■ DIRECTIONS
Please restate, exactly as they appear, only the lines from the one that contains "Women Lapel Plush" to the final line of the entries, with no pictures.

Scraped caption text data
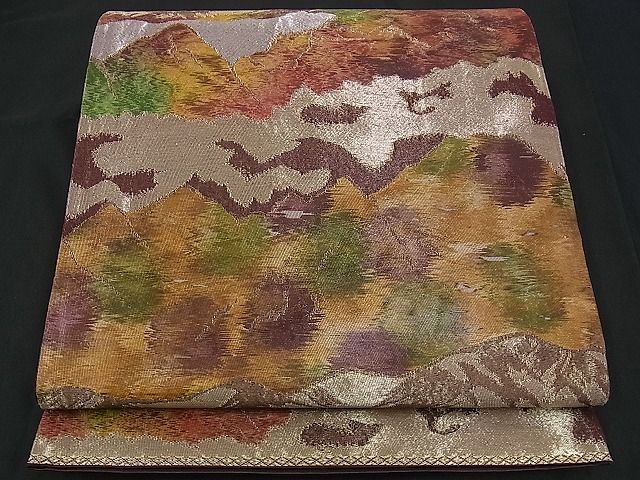 平和屋着物■六通柄袋帯 遠山文 金銀糸 逸品 n-ck1042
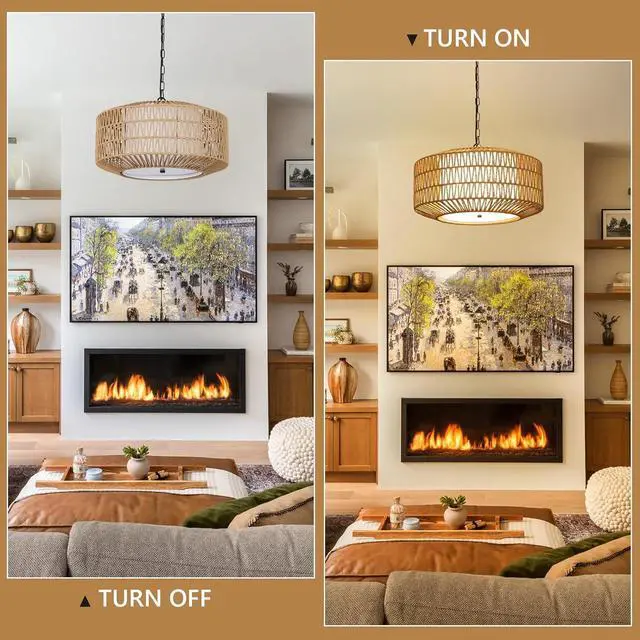 Alt view image 5 of 7 - Farmhouse Chandelier Light Fixture,4-Light Rattan Boho Chandeliers for Dining Room with Fabric Shade,Hand Woven Large Rattan Dining Room Light Fixture for Kitchen Bedroom Island Hallway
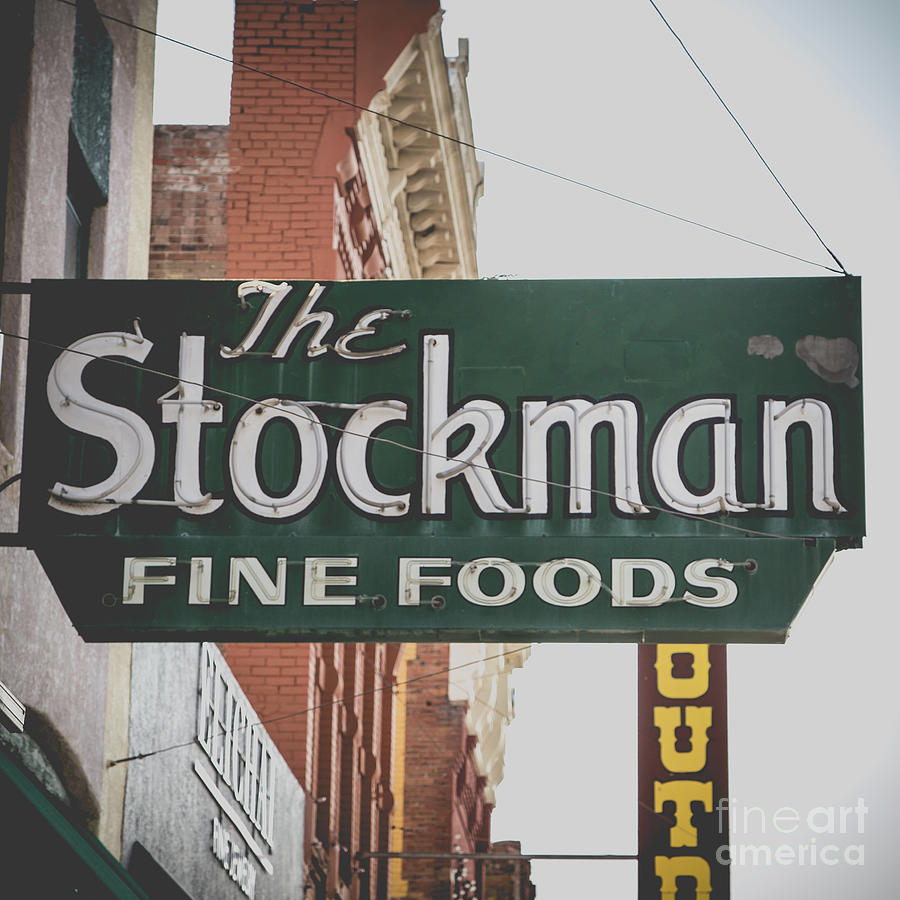 The Stockman Neon Sign Square Photograph by Edward Fielding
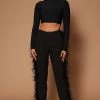 Fashion Nova Amelia Feather Pants - Black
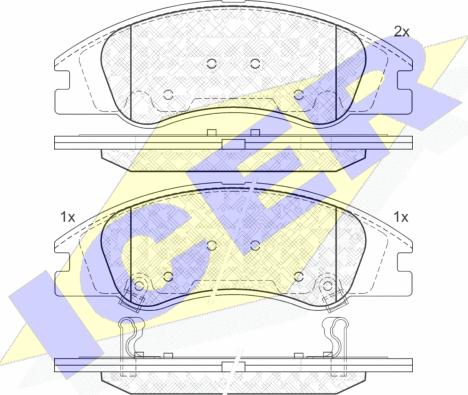 Icer 181708 - Тормозные колодки, дисковые, комплект autospares.lv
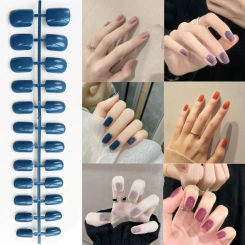 24pcs New Detachable Short Square Head False Nails Glossy Wearable Fake Nails Solid Color Full Cover Nail Tips Press On Nails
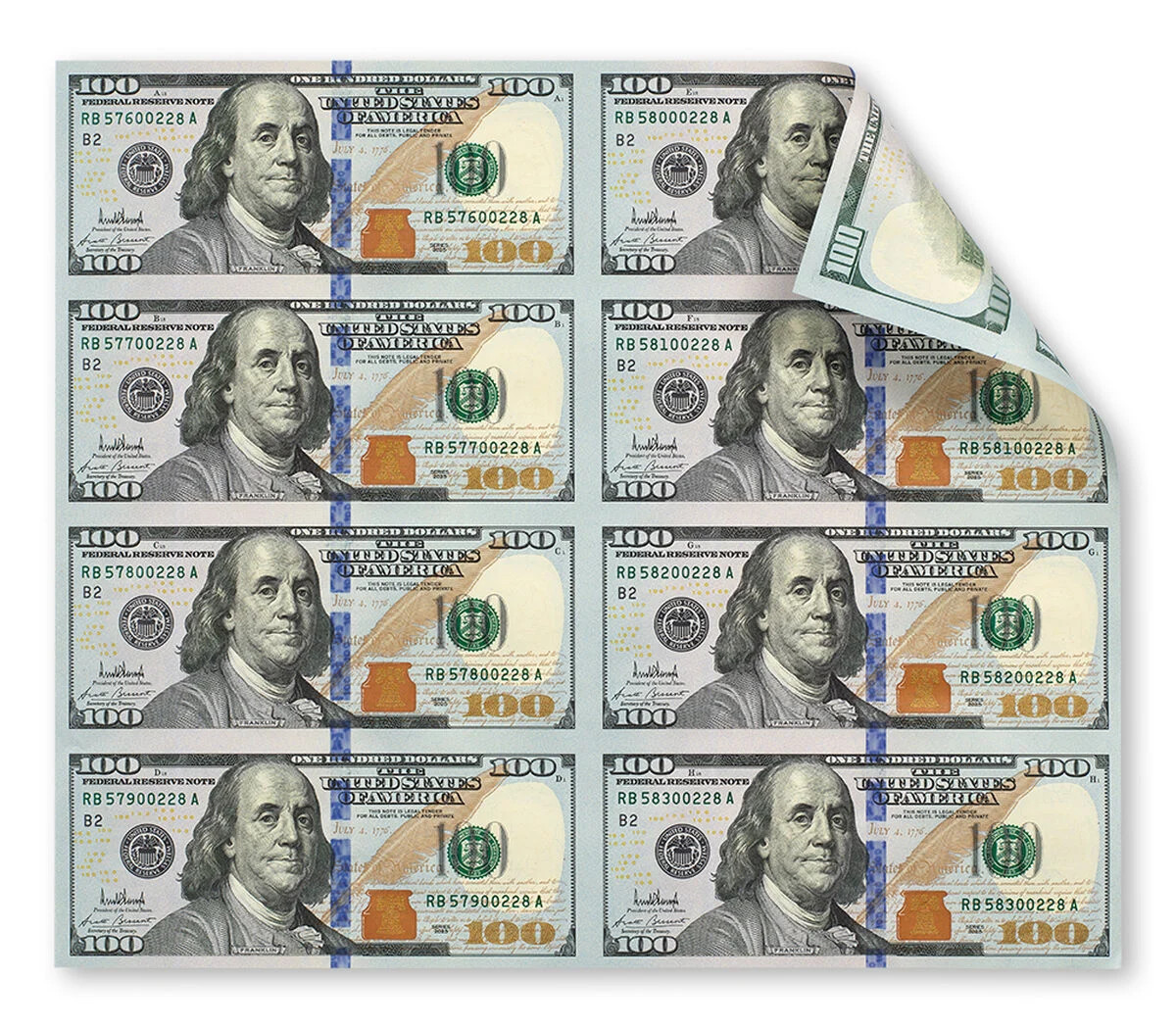 2025 Donald Trump signed 100$ Bill sheet of 8 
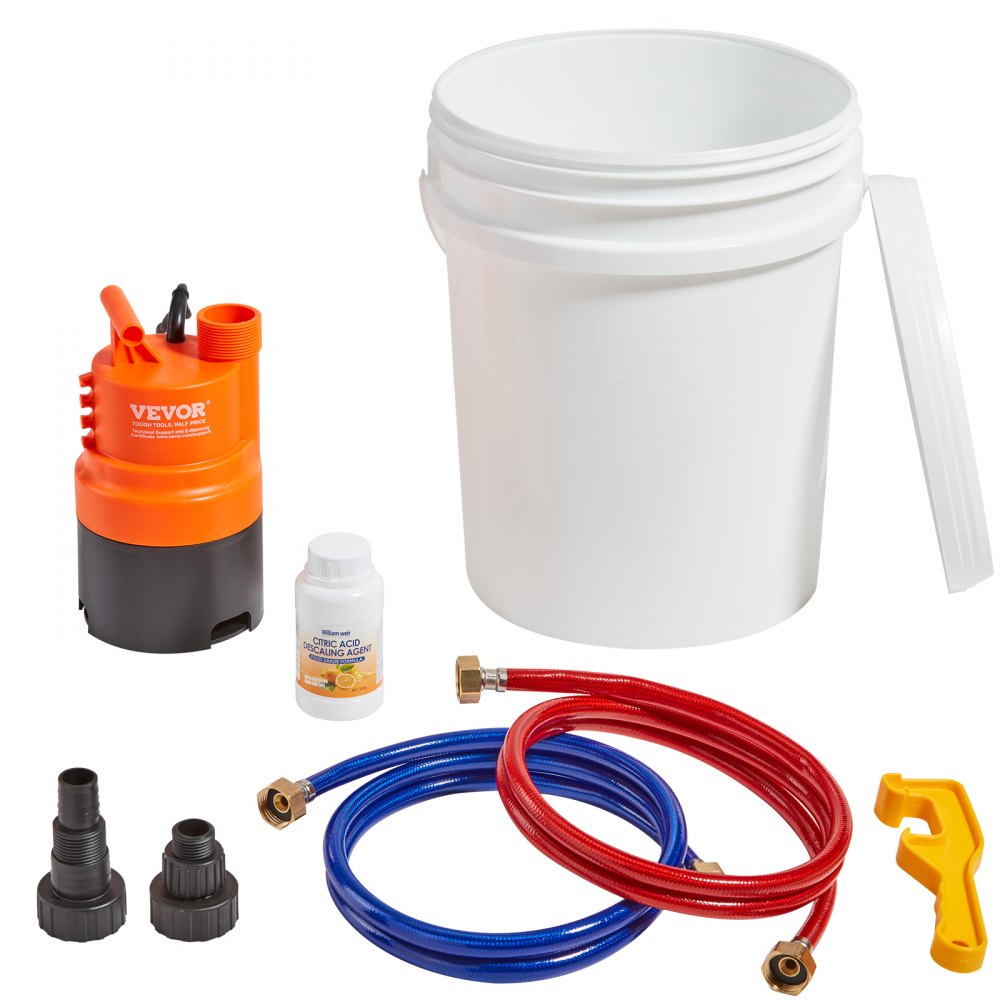 VEVOR Tankless Water Heater Flushing Kit, Includes Efficient Pump & 5 Gallon Pail & 2 Hoses & Descaling Powder, Wrench and Adapter for Quick Install Easy to Start, Water Heater Flush Kit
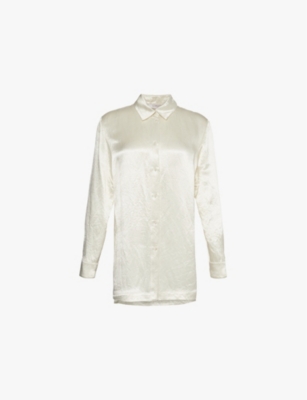 Shop Max Mara Womens White Gradara Long-sleeves Woven Shirt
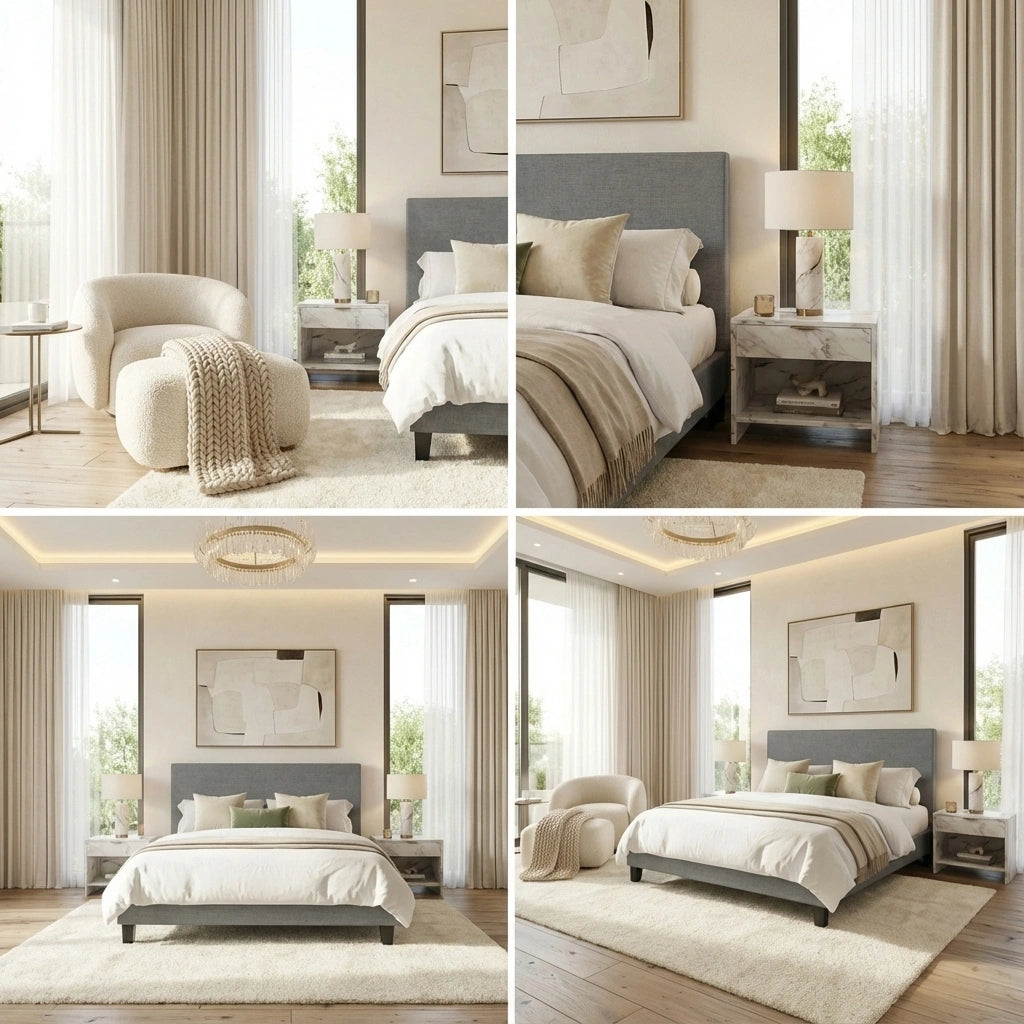 Areno Premium Fabric Slimline Modern Bed | Modern Cushioned Touch Grey Upholstered Bed Frame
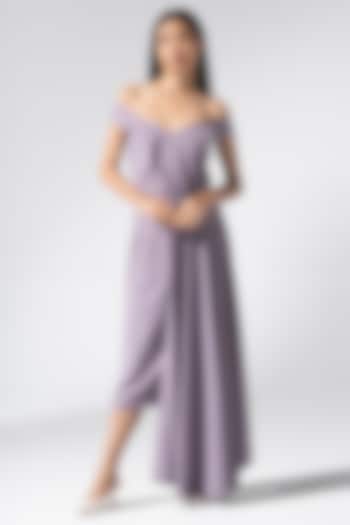 Lilac Neoprene Midi Dress by Marviza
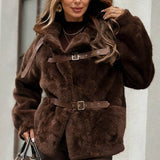 Women Lapel Plush Leather Buttoned Temperament Casual Coat
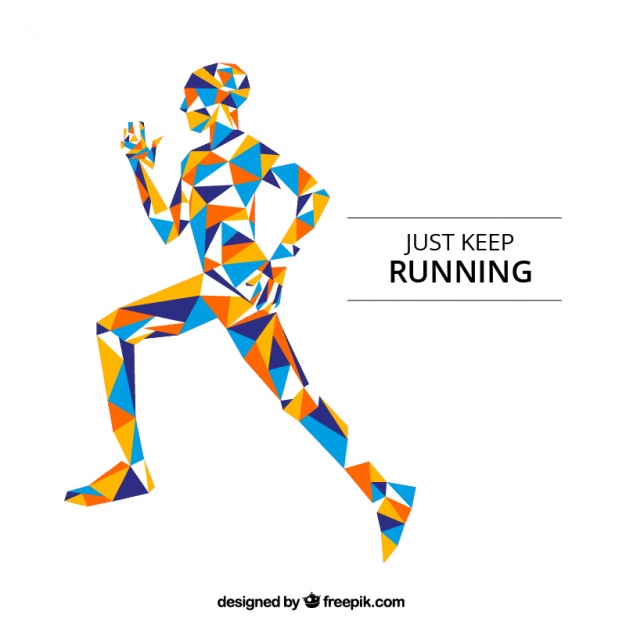 626x626 Polygonal Background Of Runner Silhouette Vector Free Download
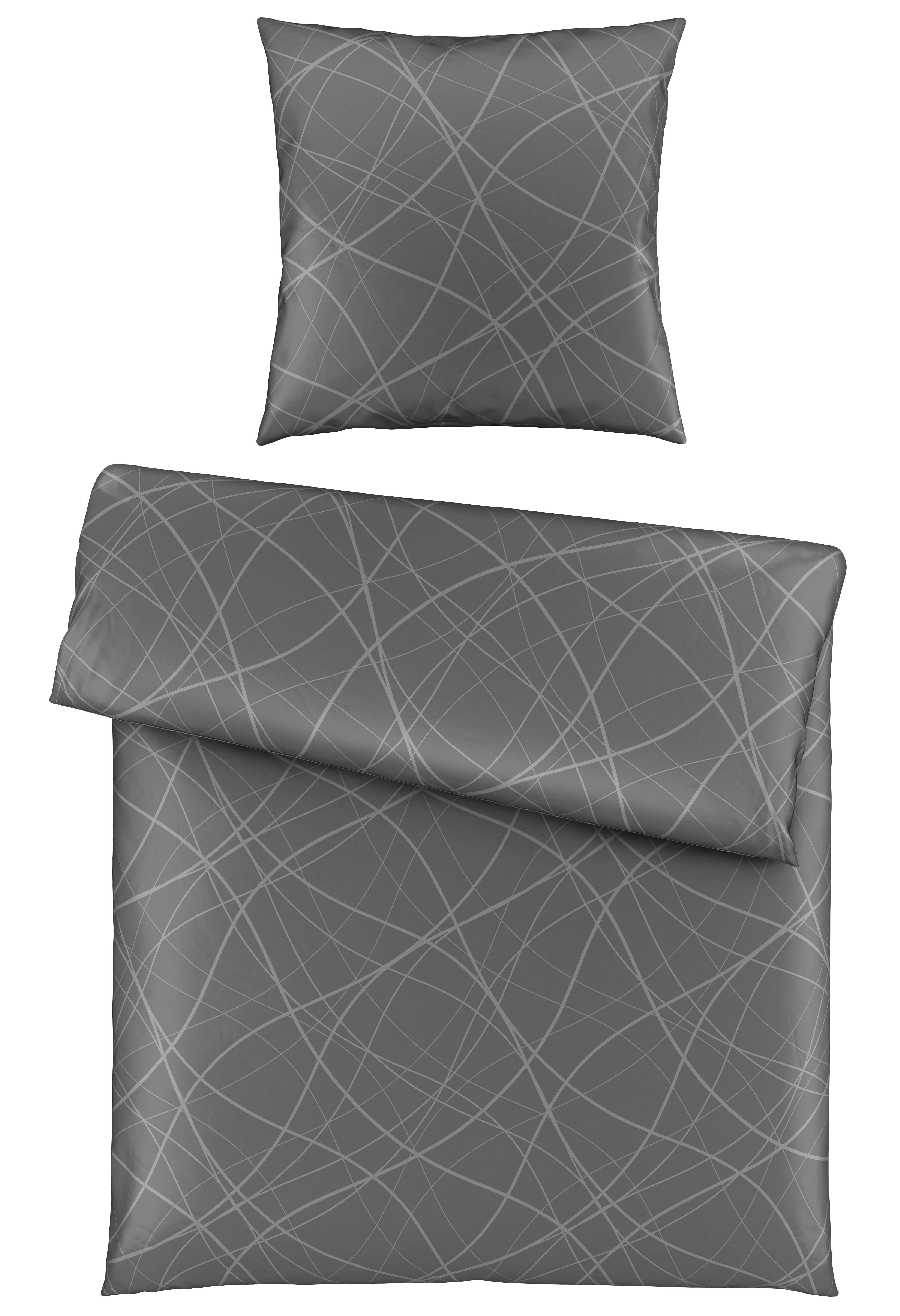 Bettwäsche Alex Design in Schieferfarben ca.135x200cm - Schieferfarben, MODERN, Textil (135/200cm) - Premium Living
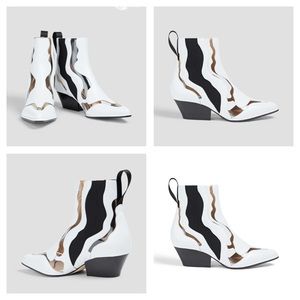 SERGIO ROSSI Leather Ankle White Cowgirl Boots SZ 6 $895 RARE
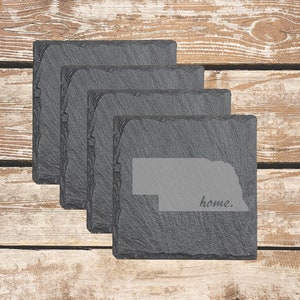 Nebraska Home Slate Coasters, Personalized Slate Coasters, Housewarming Gift, Drink Coasters, Personalized Coaster Set Of 4,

■ RESULT OF THIS EXERCISE
 Women Lapel Plush Leather Buttoned Temperament Casual Coat
 626x626 Polygonal Background Of Runner Silhouette Vector Free Download
 Bettwäsche Alex Design in Schieferfarben ca.135x200cm - Schieferfarben, MODERN, Textil (135/200cm) - Premium Living
 SERGIO ROSSI Leather Ankle White Cowgirl Boots SZ 6 $895 RARE
 Nebraska Home Slate Coasters, Personalized Slate Coasters, Housewarming Gift, Drink Coasters, Personalized Coaster Set Of 4,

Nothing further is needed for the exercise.